Quando as Marés Recuaram, a Civilização se Transformou
Com o tempo, sedimentos transportados pelos rios formaram deltas na cabeceira do golfo, bloqueando o acesso das marés a áreas internas. Essa mudança ambiental, segundo os autores, causou desafios ecológicos e econômicos generalizados. A perda das águas das marés pode ter forçado as comunidades sumérias a responder com sistemas de irrigação e controle de inundações em larga escala — inovações que definiram a era de ouro da Suméria.
“Frequentemente imaginamos paisagens antigas como estáticas”, diz Goodman. “Mas o delta mesopotâmico era tudo, menos isso. Suas terras inquietas e mutáveis exigiam engenhosidade e cooperação, despertando algumas das primeiras experiências de cultivo intensivo na história e ousadas experimentações sociais.”
Além da mudança ambiental, os pesquisadores conectam essas origens aquáticas à identidade cultural da Suméria.
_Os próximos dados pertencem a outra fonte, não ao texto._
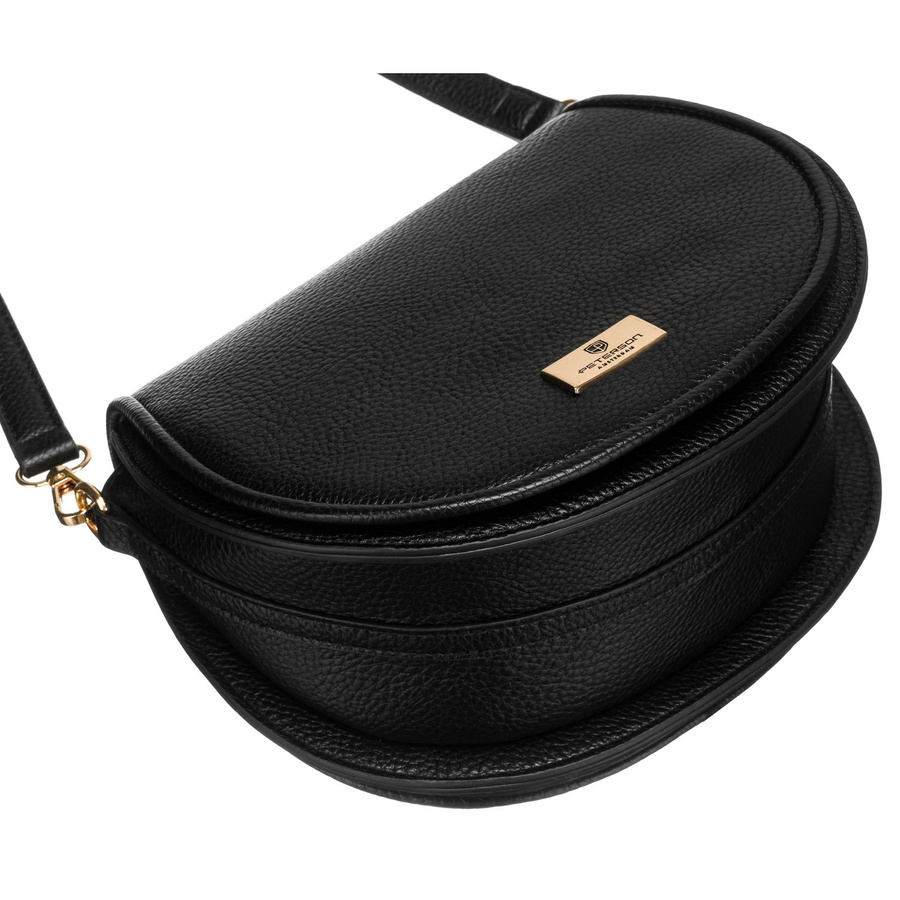 Leatherette bag PETERSON PTN TOR-ALE-24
O estudo relaciona os mitos de inundação da região e deidades associadas à água à própria paisagem, sugerindo que a religião suméria evoluiu a partir de sua relação íntima com marés e rios.
“As conclusões radicais deste estudo estão claras no que estamos encontrando em Lagash”, acrescenta Holly Pittman, Diretora do Projeto Arqueológico Lagash do Museu da Pensilvânia. “Mudanças ambientais rápidas fomentaram desigualdade, consolidação política e as ideologias da primeira sociedade urbana do mundo.”
Reconstruindo uma Paisagem Perdida
Usando dados ambientais e geológicos, amostras de sedimentos de Lagash e imagens de satélite em alta resolução, a equipe recriou como era a linha costeira da Suméria. Sua reconstrução oferece uma visão de como as sociedades antigas se adaptaram a mudanças drásticas em seu ambiente e como esses desafios estimularam inovações.
“Nosso trabalho destaca tanto as oportunidades quanto os perigos da reinvenção social diante de crises ambientais severas”, concluiu Giosan. “Além dessa lição moderna, é sempre surpreendente encontrar história real escondida em mitos — e pesquisas verdadeiramente interdisciplinares como a nossa podem ajudar a descobri-la.”
A pesquisa foi financiada pela Fundação Nacional de Ciência (NSF), pelo Laboratório de Acelerador de Massas para Ciências do Oceano (NOSAMS), pelo Instituto Oceanográfico Woods Hole (WHOI) e pelo Museu da Pensilvânia. Apoio adicional para Giosan veio do STAR-UBB e ICUB na Romênia. Goodman completou sua parte do trabalho como parte de seus estudos de pós-doutorado no Instituto para o Estudo do Mundo Antigo da Universidade de Nova York.